Lebih penting dari modal finansial, adalah modal sosial. Kepercayaan anggota, solidaritas ekonomi, dan komitmen bersama. Tanpa itu, fasilitas fisik hanya menjadi beban. Kita harus menempatkan KDMP bukan sebagai proyek negara, melainkan sebagai gerakan ekonomi rakyat yang terorganisir.
Negara boleh hadir, tetapi bukan untuk mengendalikan. Tugas negara adalah menciptakan ekosistem yang kondusif melalui regulasi, infrastruktur pendukung, dan pendidikan agar koperasi tumbuh secara otonom.
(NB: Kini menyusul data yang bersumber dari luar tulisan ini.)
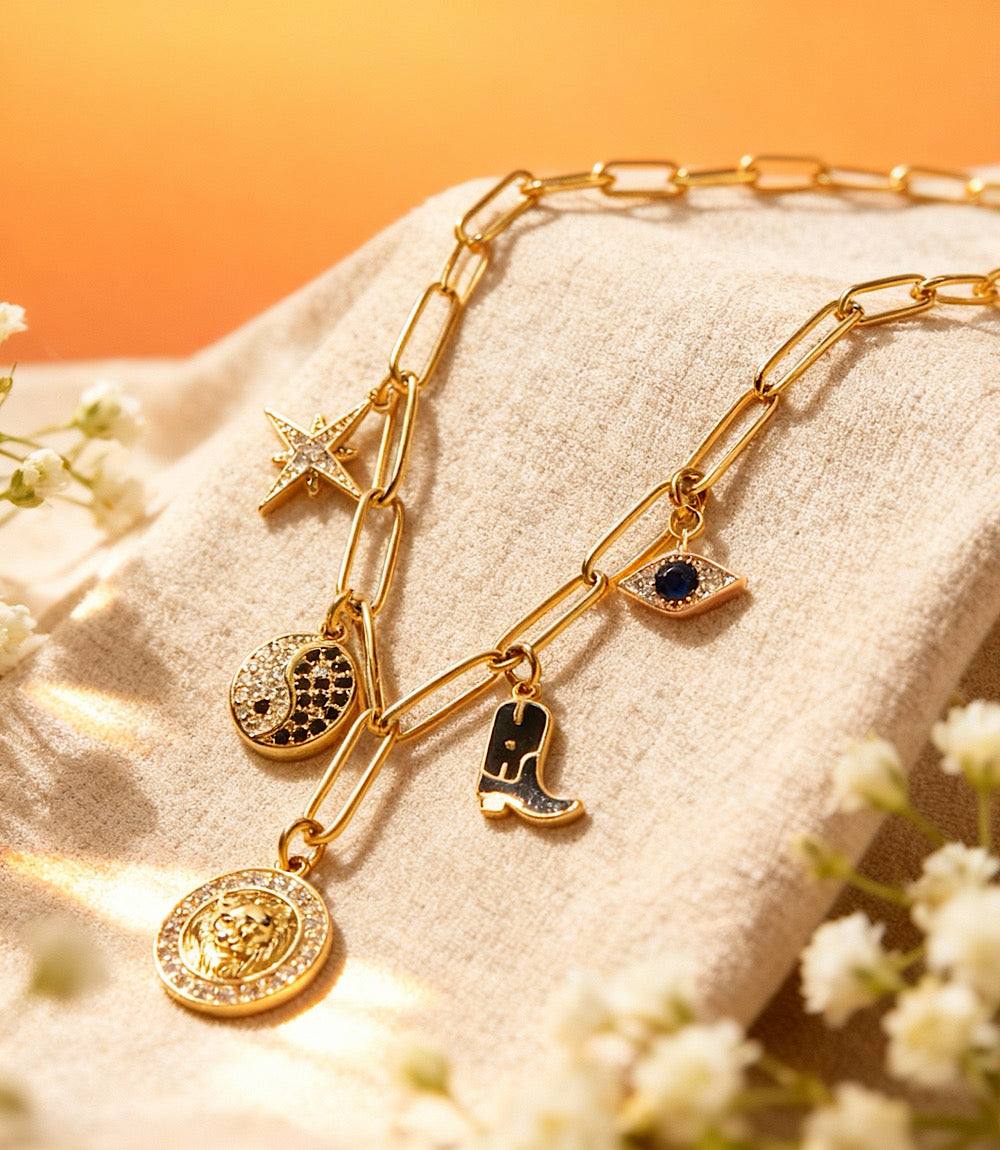 Gold Charm Station Necklace with five unique 16K plated charms on fine chain, hypoallergenic and stylish accessory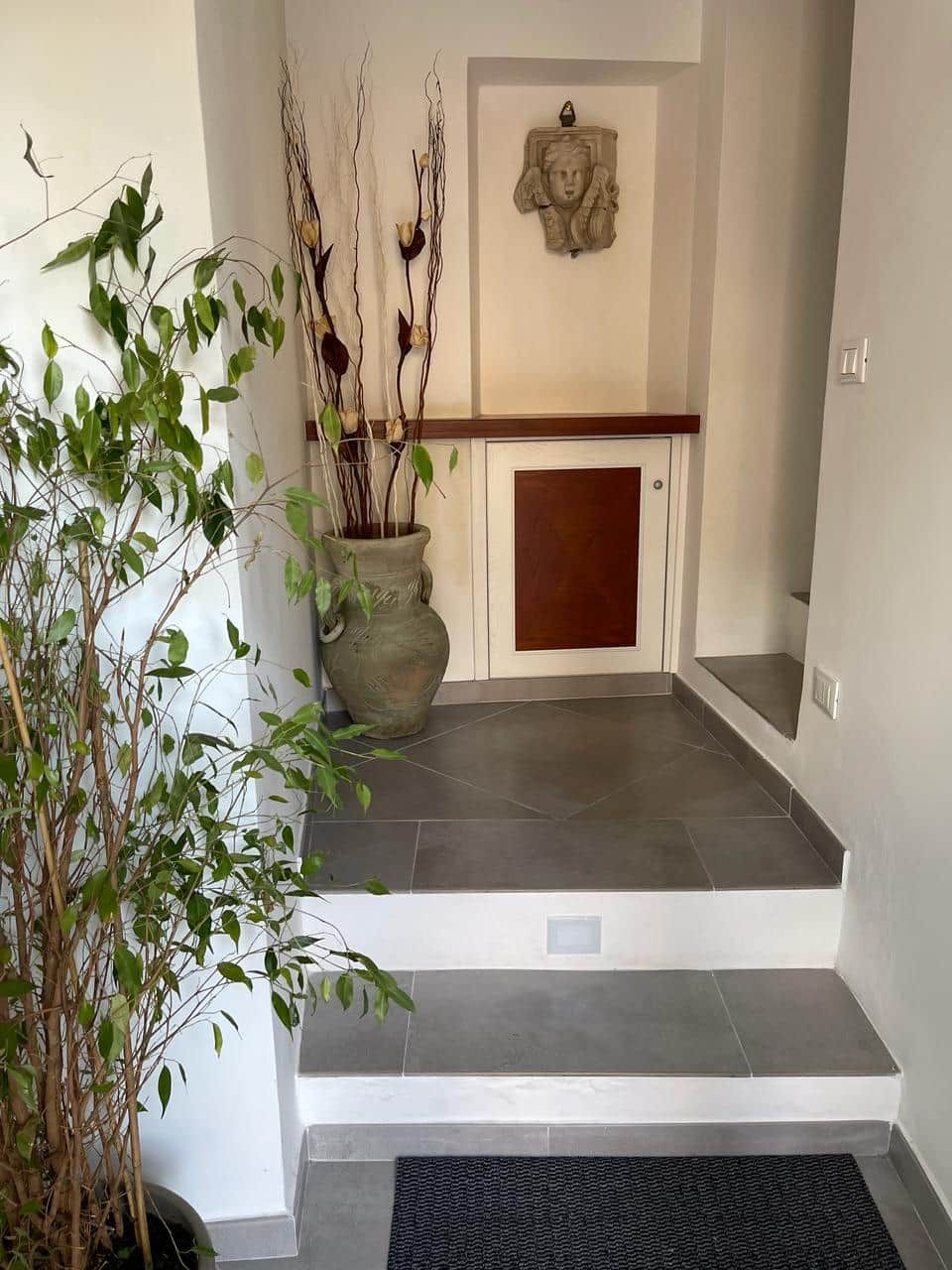 A staircase leading to a door with a decorative wall piece above it.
Koperasi sejati adalah alat rakyat untuk mengorganisasi kekuatan ekonominya sendiri, bukan perpanjangan tangan birokrasi.
Membangun koperasi berarti membangun kesadaran, bukan hanya bangunan. Gedung bisa berdiri dalam hitungan bulan, tetapi organisasi yang kuat membutuhkan proses pembelajaran, partisipasi, dan kedewasaan politik ekonomi. Karena itu, dalam pelaksanaan dua Inpres terbaru ini, pemerintah sebaiknya menyeimbangkan antara pembangunan fisik dan pembangunan organisasi.
Keduanya penting, tetapi urutannya harus benar. Organisasinya dan bangunan fisik gedungnya harus berjalan seiring. Sebab koperasi sejati tidak hidup dari tembok dan genteng, melainkan dari manusia dan cita-cita bersama untuk hidup lebih adil dan berdaulat.